An article for the Cathedral Times
by the Rev. Canon George Maxwell, Vicar
It’s finally here!
We’re back from our parish retreat. School is out—or will be next week. It’s time to turn our attention to the summer.
The season invites us to slow down and run at a different pace. I am aware, though, that I often react to the days getting longer as if I just heard the starting gun calling me to run a different race. I find myself changing what I am doing, but not how I am doing it. I know I should thankfully be planning to get more rest, but instead I am eagerly charting out ways to get better at play. I am imagining more activities, more trips, more camps, more reading, and more prayer than the season can bear. It never occurred to me to do nothing.
In her book How to Do Nothing: Resisting the Attention Economy, Jenny Odell suggests another way. She invites us to put productivity aside and to cultivate presence, attention, and relational depth instead. Odell argues that the attention economy has hijacked our capacity to notice the world around us. It isn’t just a problem of distraction, she says; it’s a problem of meaning. “The point of doing nothing,” she explains, “isn’t to return to work refreshed, ready to be more productive. It’s to resist the idea that our worth is tied to productivity at all.” In this light, summer becomes more than a vacation season—it becomes a portal to deeper forms of attention and belonging.
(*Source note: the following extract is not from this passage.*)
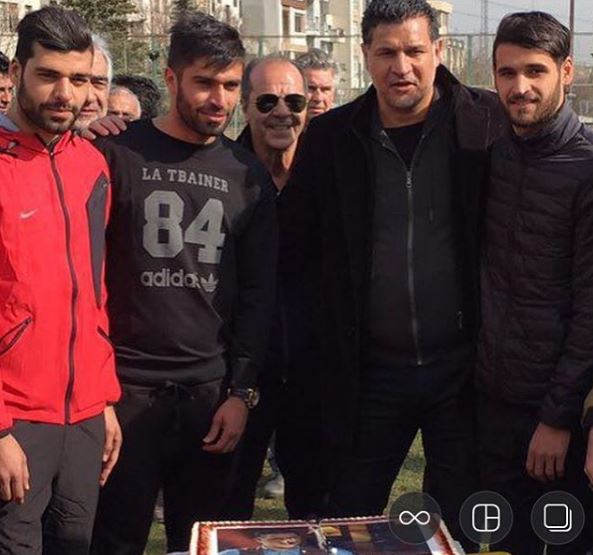 احمد نوراللهی-علی دایی-مهرداد کفشگری-مهدی طارمی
To slow down is not to withdraw entirely but to reorient one’s attention. It’s about learning to see again. Odell describes time spent outside observing birds, plants, and the subtle shifts of season. “Nothing” became something—a radical noticing. In the summer months, when nature is in full display, we are offered similar opportunities: the whir of cicadas, the swell of fruit on a backyard vine, the smell of soil after an afternoon storm. Slowing down means attuning ourselves to these overlooked presences and letting them reshape our inner pace.
Odell’s practice is deeply rooted in place. She encourages us to “leave the screen and go outside,” not merely for exercise, but for immersion in what is right before us. When life spills outdoors—into parks, porches, and sidewalks—it’s good to notice where we are. It’s good to return to a favorite bench or walking trail, not for the sake of achieving a fitness goal, but for the joy of being somewhere fully. What Odell calls “situated awareness” is an antidote to the disembodied abstraction of online life. It roots us in community, ecology, and memory.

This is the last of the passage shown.